Please return the data that follows precisely as written, but without the images.

INFORMATION PROVIDED Block Start

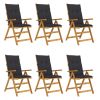 Folding Patio Chairs 6 pcs with Cushions Solid Acacia Wood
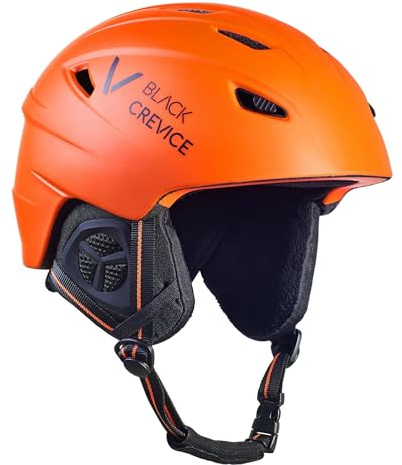 Black Crevice Adult Ski Helmet Stripe, Matt Orange/Black, XL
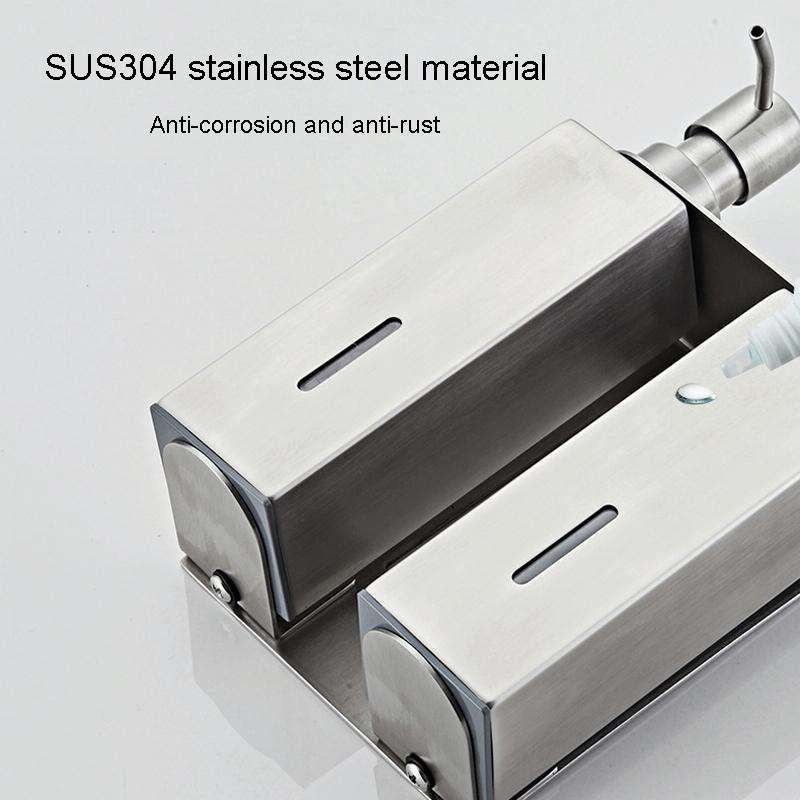 Hotel Stainless Steel Soap Dispenser Home Wall Mounted No Punch Press To Soap Bottle, Style: Squa...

INFORMATION PROVIDED Block End

◆ **EXPECTED ANSWER**:
 Folding Patio Chairs 6 pcs with Cushions Solid Acacia Wood
 Black Crevice Adult Ski Helmet Stripe, Matt Orange/Black, XL
 Hotel Stainless Steel Soap Dispenser Home Wall Mounted No Punch Press To Soap Bottle, Style: Squa...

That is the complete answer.